The only threats to their dominance, that I can see, are likely to come from the domineers of mobile traffic, such as Facebook or Google e.g. Google Destinations or the sharing economy in the form of Uber and Airbnb.

Within the sharing economy, the massive valuations that Uber and Airbnb currently enjoy reflect the view of the financial community, that both are only just at the start of their massive growth potential. Obviously, financiers can get it completely wrong but in my experience, it is rare on companies of this scale.

Just as the online travel community has consolidated into two major camps, headed by Priceline and Expedia, I would not be shocked to see consolidation in the sharing economy given the major players’ abilities to raise the vast sums required to buy the likes of BlaBlaCar etc. The logic of combining Uber’s city-centric taxi services with BlaBlaCars’ 200 mile plus intercity service seems a highly synergistic move for territories outside of the US. However, given BlaBlaCar’s stated intent to avoid the US in order to concentrate on emerging markets, this deal may not be a high priority for Uber’s US-based financiers. A merger of Uber with Airbnb may initially appear less obvious, although audience synergies and cross-selling opportunities do exist.

The high transaction frequency of Uber makes it a logical creator of a “Western Super App,” in similar way to how C-Trip now dominates the Chinese travel market.
Apps allow a richer consumer experience, but “Appnesia”, where even customers who have downloaded the app forget about it, is a key problem. C-Trip overcame this by driving the frequency of use up, packing every conceivable travel service into one app in order to create a deep and broad travel vertical within a one stop shop.

High frequency usage drivers, like taxi services or domestic train/bus services could be the key bedrock for a “Western Super App.” Hence Uber with its high valuation and deep pockets, may be better positioned than Expedia to deliver this app via an acquisition drive. I say this because as an established player, Expedia can take less risk on acquisitions, as each one is expected to be earnings-enhancing. Conversely, the loss making Uber’s valuation is based on its potential and as such, it probably has more scope for riskier acquisitions.

Airbnb poses a major threat to hotels because its individual home owners often take a “Sunk cost” approach to pricing, looking to cover just their operating costs whilst making capital gains on disposal as house prices increase. This makes this accomodation much cheaper than traditional hotel stock.

I have recently invested in a start up called “Experiential Breaks,” which seeks to “package” private accommodation with tickets to “Events” e.g. NBA basketball and shopping/dining, to deliver a “Live Like a Local” holiday experience.

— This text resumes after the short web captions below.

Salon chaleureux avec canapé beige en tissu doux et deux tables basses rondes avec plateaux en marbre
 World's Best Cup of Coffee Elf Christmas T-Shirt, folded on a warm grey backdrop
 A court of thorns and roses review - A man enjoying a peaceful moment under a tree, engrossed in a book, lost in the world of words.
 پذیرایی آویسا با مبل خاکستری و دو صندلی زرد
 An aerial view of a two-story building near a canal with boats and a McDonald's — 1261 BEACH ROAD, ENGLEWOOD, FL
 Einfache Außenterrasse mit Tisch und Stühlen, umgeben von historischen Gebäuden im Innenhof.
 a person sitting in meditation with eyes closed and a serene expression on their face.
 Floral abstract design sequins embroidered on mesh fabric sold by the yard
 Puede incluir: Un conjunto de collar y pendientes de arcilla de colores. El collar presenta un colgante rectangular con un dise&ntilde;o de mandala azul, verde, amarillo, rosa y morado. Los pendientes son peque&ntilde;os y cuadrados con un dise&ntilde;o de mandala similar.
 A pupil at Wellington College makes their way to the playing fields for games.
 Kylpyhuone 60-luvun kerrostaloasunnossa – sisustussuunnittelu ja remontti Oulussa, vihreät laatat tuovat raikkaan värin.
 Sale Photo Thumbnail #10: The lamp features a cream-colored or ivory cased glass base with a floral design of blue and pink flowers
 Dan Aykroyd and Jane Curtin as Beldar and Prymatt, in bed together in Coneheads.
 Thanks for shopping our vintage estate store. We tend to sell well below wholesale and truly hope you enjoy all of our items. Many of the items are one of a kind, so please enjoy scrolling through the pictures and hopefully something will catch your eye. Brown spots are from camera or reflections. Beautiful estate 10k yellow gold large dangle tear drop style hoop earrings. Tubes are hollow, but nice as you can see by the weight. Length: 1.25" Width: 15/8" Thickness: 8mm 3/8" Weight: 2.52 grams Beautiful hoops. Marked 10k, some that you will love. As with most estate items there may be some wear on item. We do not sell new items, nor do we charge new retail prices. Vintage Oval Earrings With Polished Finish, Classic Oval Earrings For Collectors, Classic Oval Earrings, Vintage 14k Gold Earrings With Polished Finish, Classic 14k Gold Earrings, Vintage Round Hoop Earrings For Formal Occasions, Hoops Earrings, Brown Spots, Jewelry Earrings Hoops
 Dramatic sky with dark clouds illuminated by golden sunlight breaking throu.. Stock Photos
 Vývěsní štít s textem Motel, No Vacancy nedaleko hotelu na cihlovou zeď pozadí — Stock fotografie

Ironically, the biggest problem with this niche type of product is that customers do not know they want it until they know it exists. Creating B2C brands to carry out this form of marketing is very expensive. Hence, Experiential Breaks’ strategy will be to work via travel agents on a B2B2C basis, selling ATOL bonded packages with the required H&S policies and insurance required to take this type of accommodation into a packaged environment.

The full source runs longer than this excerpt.